NEI COMITATI ELETTORALI dei candidati si fanno i conti. Con un Pd al 22 per cento dalla circoscrizione Nord ovest verosimilmente dovrebbero partire per Bruxelles 5 eletti, 4 o 5 dal Nord est e dal Centro, 3 o 4 dal Sud e uno dalle Isole, per un totale dai 17 ai 20 eurodeputati. Fra i 6 e i 9 eletti in meno, certo, ma il peggio è scongiurato.

AL NAZARENO PERÒ, al di là dei sorrisi a favore di Instagram e delle telecamere, si aspettano i voti reali. Che arriveranno oggi: solo così si capirà se e quanto il Pd ha davvero ricominciato a crescere. Quello dei numeri è un verdetto più reale delle percentuali. E forse sarà più severo. Zingaretti puntava al recupero di due milioni di voti, dai 5 stelle e dall’astensione, rispetto alle politiche dell’anno scorso quando ha preso 6.134.727 voti (7.480.806 con gli alleati). Così tornerebbe ai livelli ‘bersaniani’ del 2013 (8.644.187 in proprio, 10.047.603 con la coalizione Italia bene comune, quelli renziani delle europee del 2014 erano 11.203.231).

COMUNQUE VADA da ora Zingaretti può e deve procedere alla costruzione della nuova alleanza. In attesa della crisi di governo. Dicendo di volerla subito, sperando che non arrivi troppo presto. Gli alleati +Europa, Italia in Comune, Verdi e Art.1 sono già della partita. Con La Sinistra si vedrà: il suo risultato balla ma è lontano dal quorum del 4 per cento, si vedrà.

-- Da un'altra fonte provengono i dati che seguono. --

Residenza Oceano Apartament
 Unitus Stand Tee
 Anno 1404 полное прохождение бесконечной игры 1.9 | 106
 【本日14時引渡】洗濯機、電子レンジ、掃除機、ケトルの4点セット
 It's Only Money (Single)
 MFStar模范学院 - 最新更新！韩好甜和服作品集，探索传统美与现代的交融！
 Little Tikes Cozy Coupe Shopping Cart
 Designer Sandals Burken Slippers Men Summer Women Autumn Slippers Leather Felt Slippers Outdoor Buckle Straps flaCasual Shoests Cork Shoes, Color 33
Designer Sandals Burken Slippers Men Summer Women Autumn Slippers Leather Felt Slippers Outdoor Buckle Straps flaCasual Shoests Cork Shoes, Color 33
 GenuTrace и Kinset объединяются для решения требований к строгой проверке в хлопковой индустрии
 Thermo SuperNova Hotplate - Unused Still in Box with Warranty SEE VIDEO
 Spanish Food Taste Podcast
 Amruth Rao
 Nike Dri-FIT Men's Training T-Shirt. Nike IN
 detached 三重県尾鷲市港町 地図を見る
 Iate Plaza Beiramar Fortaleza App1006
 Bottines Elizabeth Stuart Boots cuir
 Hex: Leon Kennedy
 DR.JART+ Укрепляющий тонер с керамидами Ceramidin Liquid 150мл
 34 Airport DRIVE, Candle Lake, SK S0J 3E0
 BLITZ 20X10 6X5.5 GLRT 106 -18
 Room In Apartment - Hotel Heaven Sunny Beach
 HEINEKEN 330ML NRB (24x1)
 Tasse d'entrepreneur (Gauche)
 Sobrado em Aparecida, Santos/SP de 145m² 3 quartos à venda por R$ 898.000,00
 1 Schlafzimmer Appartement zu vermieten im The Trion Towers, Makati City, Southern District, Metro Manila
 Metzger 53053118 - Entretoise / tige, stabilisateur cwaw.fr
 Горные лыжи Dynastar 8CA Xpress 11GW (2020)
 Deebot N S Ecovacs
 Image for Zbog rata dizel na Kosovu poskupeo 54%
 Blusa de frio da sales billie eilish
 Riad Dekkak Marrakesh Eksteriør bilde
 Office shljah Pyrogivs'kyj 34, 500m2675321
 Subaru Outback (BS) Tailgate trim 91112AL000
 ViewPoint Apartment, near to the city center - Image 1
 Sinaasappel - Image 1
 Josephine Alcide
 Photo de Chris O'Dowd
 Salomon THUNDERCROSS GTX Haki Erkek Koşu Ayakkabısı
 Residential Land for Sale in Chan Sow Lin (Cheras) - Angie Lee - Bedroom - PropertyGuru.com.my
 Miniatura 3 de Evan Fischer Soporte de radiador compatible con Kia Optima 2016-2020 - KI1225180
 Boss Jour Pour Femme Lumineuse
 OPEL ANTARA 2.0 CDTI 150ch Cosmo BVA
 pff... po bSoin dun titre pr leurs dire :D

MANCA PERÒ ALL’APPELLO una formazione che raccolga i moderati in fuga da Forza Italia. Nel Pd da oggi si farà sentire la componente centrista di Base Riformista. E se i voti realmente raccolti non saranno corposamente più di quelli delle politiche c’è da scommettere che batterà un colpo anche Renzi. Che alla vigilia delle urne aveva avvertito il segretario: «Bisogna guardare a un centro sinistra moderato, perché la nostra storia e tutto il mondo insegnano che le elezioni le vinciamo al centro, non a sinistra». Solo i voti veri potranno far capire se la scissione è più lontana. O viceversa si avvicina, paradossalmente, come un male necessario.